Paracetamolo: non è così sicuro in gravidanza come ritenuto
Medication

L’acetaminofene – meglio conosciuto come paracetamolo – è un antidolorifico da banco ampiamente disponibile negli Stati Uniti, usato dal 65-70% delle donne incinte. Ma è anche un componente di molti altri farmaci, come quelli usati per trattare i sintomi del comune raffreddore o influenza, allergie e problemi del sonno. La ricerca sulla sicurezza del farmaco durante la gravidanza è in corso, con poche conclusioni definitive. La FDA sottolinea che “il dolore grave e persistente che non viene trattato in modo efficace durante la gravidanza può causare depressione, ansia e ipertensione nella madre, ma è importante valutare attentamente i benefici e i rischi della prescrizione di medicinali di farmaci da banco durante la gravidanza “, continua la dichiarazione. Come madre in attesa, ho tenuto d’occhio tutti gli studi sull’effetto della droga. L’evidenza di un legame tra il disturbo da deficit di attenzione e iperattività (ADHD) e l’uso di paracetamolo durante la gravidanza è cresciuto costantemente negli ultimi anni. Nell’ultima settimana, due nuovi studi sono entrati nei ranghi e indicano i potenziali effetti sulla fertilità e lo sviluppo del linguaggio dopo l’uso di paracetamolo. Ecco cosa ti serve sapere.

ADHD e problemi comportamentali
Mentre ci sono stati molti sforzi in passato per districare un possibile collegamento tra l’ADHD e l’uso di paracetamolo, la FDA ha criticato molti di questi. Secondo la loro ultima dichiarazione, dal 2015, “[W] e ho trovato tutti gli studi che abbiamo esaminato per avere limiti potenziali nei loro progetti, a volte gli studi accumulati su un argomento contenevano risultati contrastanti che ci impedivano di trarre conclusioni attendibili.” Lo scorso novembre, vi abbiamo portato uno studio dalla rivista Pediatrics che ha chiesto a circa 100.000 madri circa il loro uso di paracetamolo durante la gravidanza. Quasi la metà dei partecipanti aveva usato il farmaco. I ricercatori hanno rivelato che il rischio di avere un bambino con sintomi di ADHD aumentava significativamente quando le madri assumevano acetaminofene per più di 7 giorni.

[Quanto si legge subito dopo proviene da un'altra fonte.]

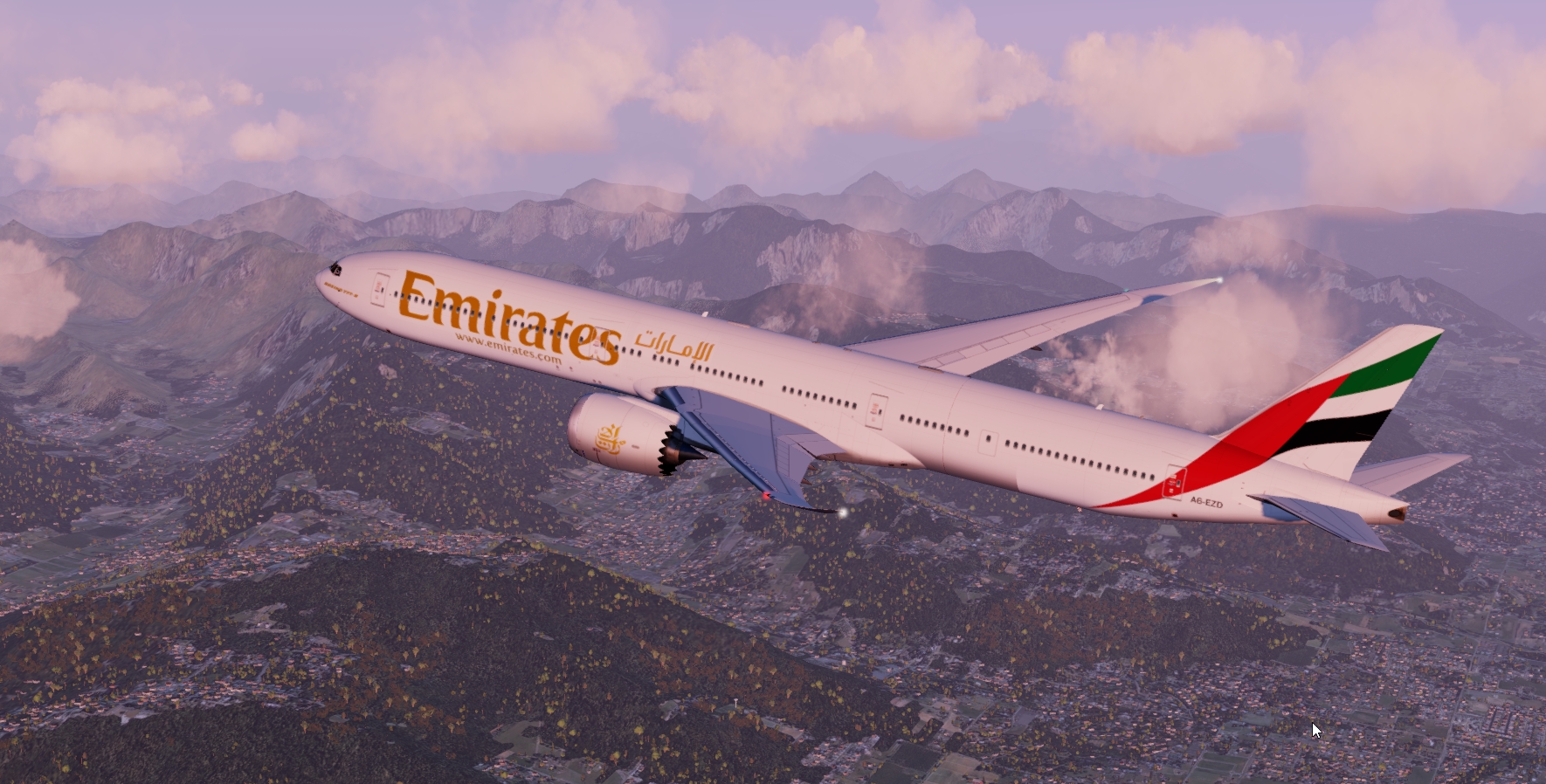 More images for FSX%2FP3D++Boeing+777-9+Emirates+Package+v2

L’uso del farmaco per 29 giorni o più ha raddoppiato il rischio di avere un bambino con ADHD, indipendentemente dal fatto che la ragione per cui si è assunto il farmaco sia stata la febbre, l’infezione o il dolore.

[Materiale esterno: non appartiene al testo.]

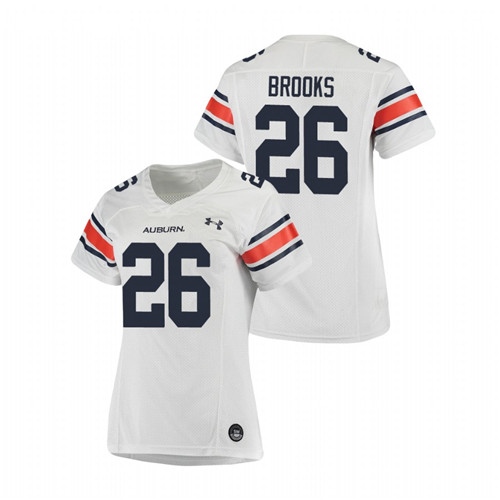 White Women's Auburn Tigers Dylan Brooks Replica Football Jersey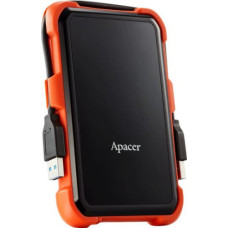 Apacer Dysk zewnętrzny Apacer HDD AC630 2 TB Czarno-pomarańczowy (AP2TBAC630T-1)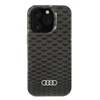 Apple iPhone 16 Pro Audi IML Stitching Pattern MagSafe (AU-IMLMIP16P-Q5/D3-BK) dėklas telefonui juodos spalvos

Questi risultati sono in linea con studi del 2016 che hanno dimostrato che l’uso di paracetamolo era legato a problemi comportamentali (Avella-Garcia CB, Andrade C, Stergiakouli E; vedere bibliografia). Il team – dell’Università di Bristol e della Cardiff University, entrambi nel Regno Unito – ha scoperto che quando le madri assumevano acetaminofene a 18 settimane di gravidanza, i loro bambini avevano maggiori probabilità di avere problemi di condotta e sintomi di iperattività. Quando il farmaco è stato usato più tardi in gravidanza – a 32 settimane – sono stati osservati questi stessi tratti, ma il rischio di sintomi emotivi e di difficoltà comportamentali totali era anche più alto. Una nuova ricerca pubblicata la scorsa settimana ha ulteriormente incriminato il paracetamolo, ma questa volta gli effetti sono sulla fertilità e sullo sviluppo del linguaggio.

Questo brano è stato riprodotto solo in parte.